:: Raw data ::
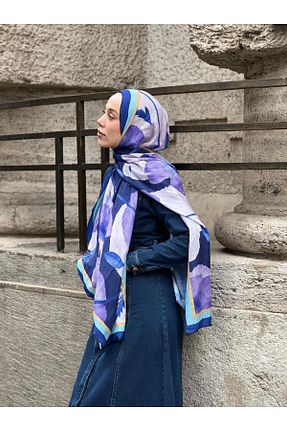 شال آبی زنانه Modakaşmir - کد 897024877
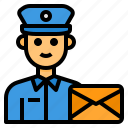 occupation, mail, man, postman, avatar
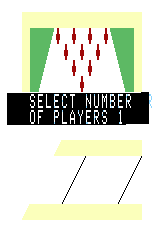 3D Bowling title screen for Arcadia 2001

--

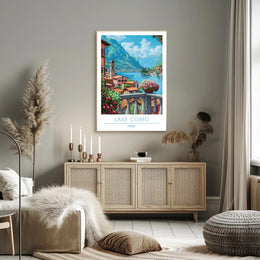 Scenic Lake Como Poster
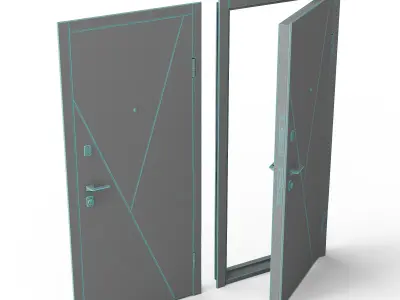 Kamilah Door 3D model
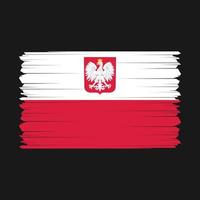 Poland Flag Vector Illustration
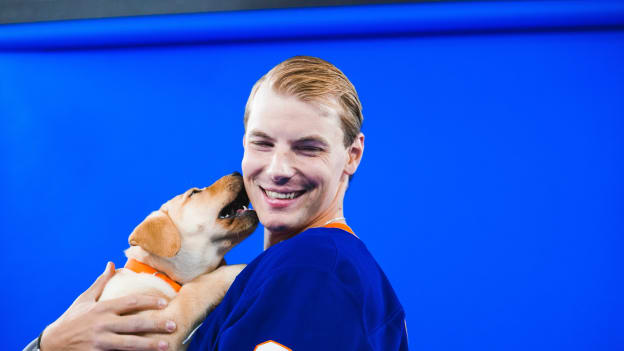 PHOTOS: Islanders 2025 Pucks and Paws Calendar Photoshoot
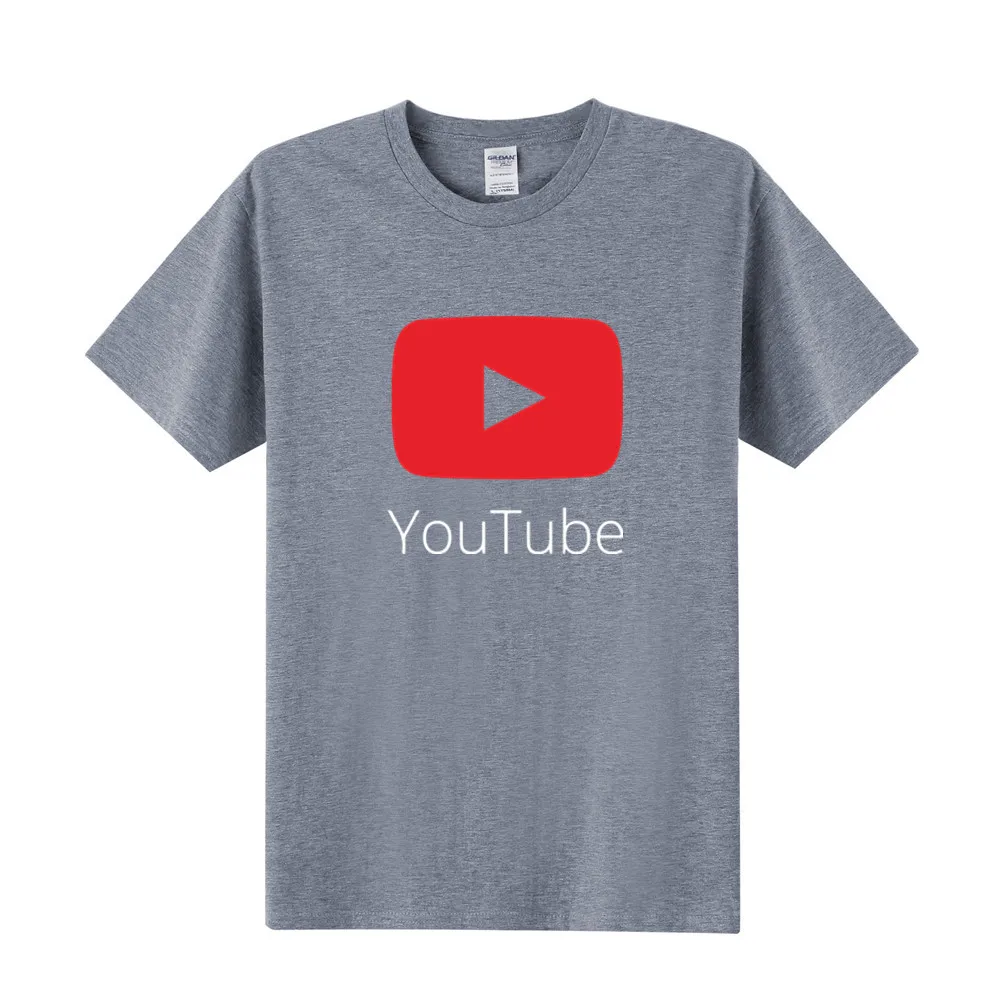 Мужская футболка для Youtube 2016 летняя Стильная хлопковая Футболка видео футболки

:: Brief ::
Give again the stretch of lines above from the one with "شال آبی زنانه Modakaşmir - کد 897024877" through the one with "3D Bowling title screen for Arcadia 2001", both ends kept, and copy no pictures.

:: Response box ::
 شال آبی زنانه Modakaşmir - کد 897024877
 occupation, mail, man, postman, avatar
 3D Bowling title screen for Arcadia 2001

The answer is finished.